意訳と直訳

FSNLP 勉強会でスライドを作って担当分の説明をしたのだが自分の手応えとしては微妙。ryu-i さんからは「それでは英語の勉強にならないから少なくとも用語くらいはちゃんと英語を押さえてほしい」と注文がつく。

スライドを見ていた人からは「分かりやすくてよかった」と言われたが、本を見ていた人からは「進め方が速かった」と言われる。スライドだけ見ていてよいように作る(そもそもそういうように作ったわけでもないのだけど)とだめかなあ。うーん。うーん。

担当分は今日には終わらず来週に持ち越しになったので進め方はまた考える(来週は論理生命学の課題の提出期限だし、意味談話解析勉強会も論文紹介で、SICP もあるしまた忙しくなってしまった)が、終わったあと mitsu-ko くんと yotaro-w くんと話していて引っかかったのは、直訳と意訳の関係。直訳するのは(手間として、という意味もあるかもしれないが、往々にして英語の読解が難しいから、という意味で)大変だから意訳でいいじゃん、と言う人もいるが、それは大いなる間違いで、そもそも直訳できない人が意訳はできない。

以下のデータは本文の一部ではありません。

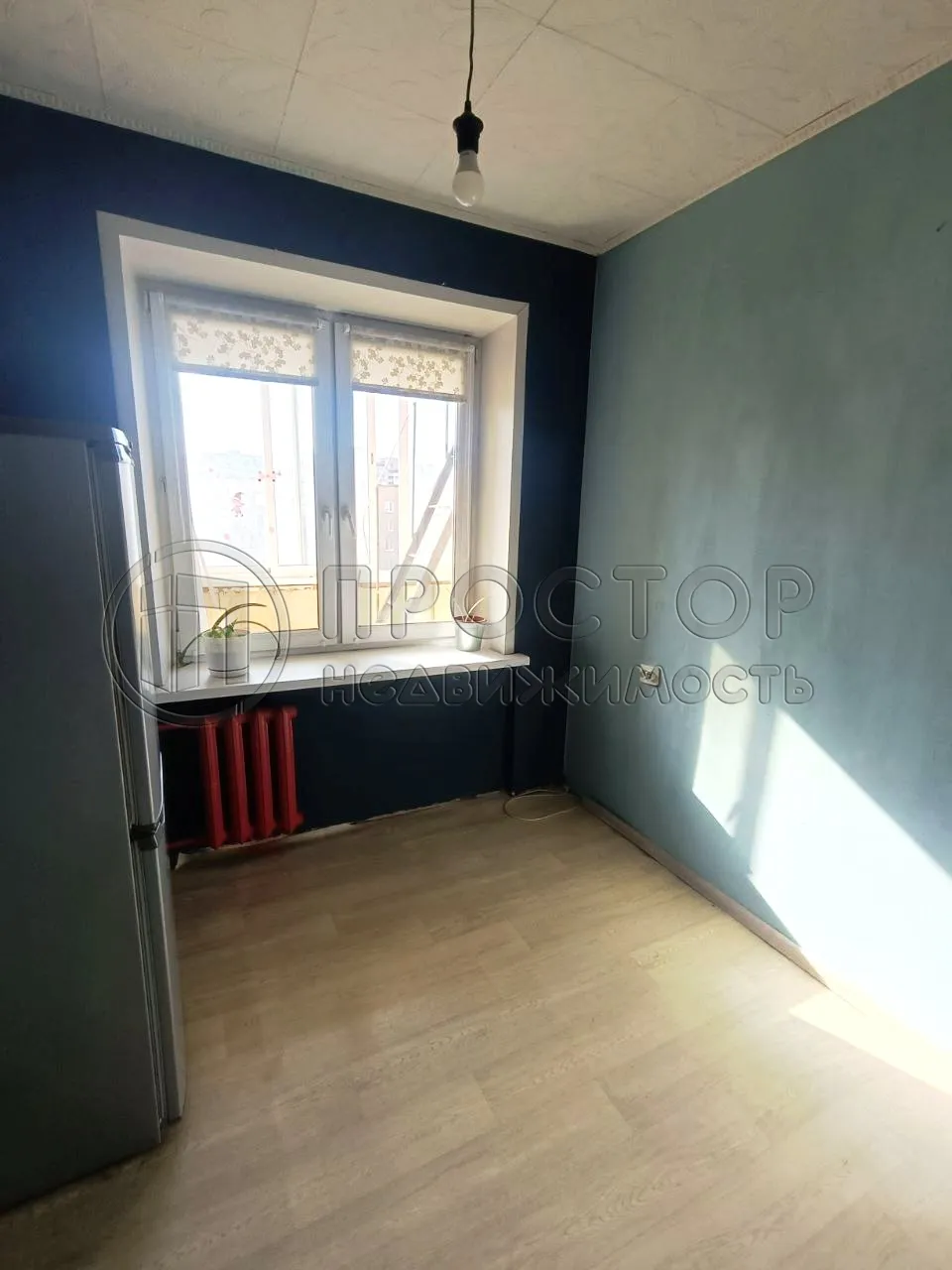 1-комнатная квартира, 36.4 м² - фото 12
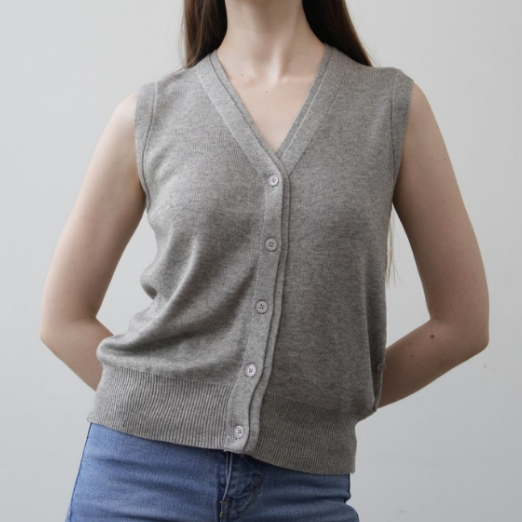 ANKARA - Aster Knit Top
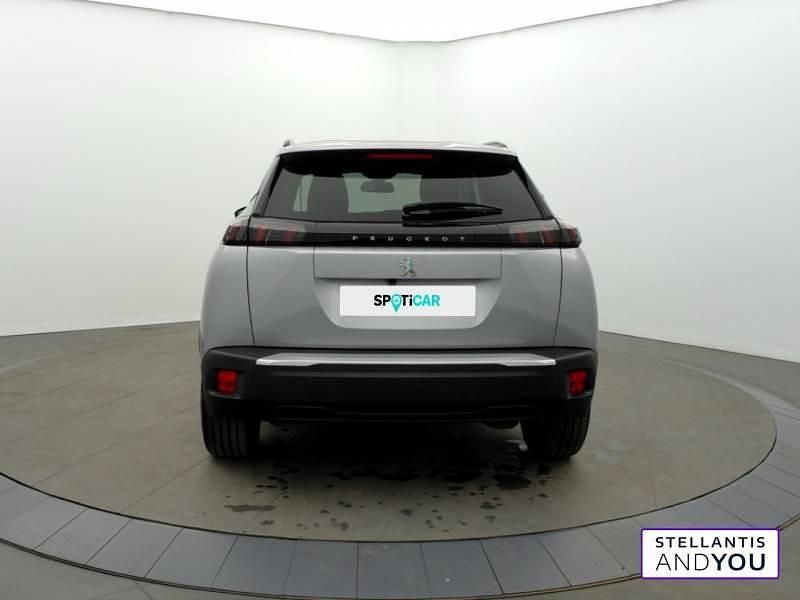 Occasion Peugeot e-2008 Allure 100 kW (136 ch) 2021 SUV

意訳というのは文の内容が完全に分かった上で、どこは枝葉末節だから訳さないでいい、ということが分かるので省略して訳したり、別の表現に言い換えてもそこで言われている内容を大きく損ねずに言い換えることができると理解しているので言い換えることができたりするのであって、よく分からないけどだいたいこういう意味ね、というのは意訳ではない。そもそも「よく分からない」部分に大事なことが書かれているかもしれないのに言い換えたりできるわけがない。もっとも、きちんと文法事項を押さえると、そこには重要なことは書かれていないことが分かるので訳さないでよい、ということもあるので、一概に全部が全部分かっていないとだめということもないのだが、それにしてもそういう構造をしているということを理解していないといけない。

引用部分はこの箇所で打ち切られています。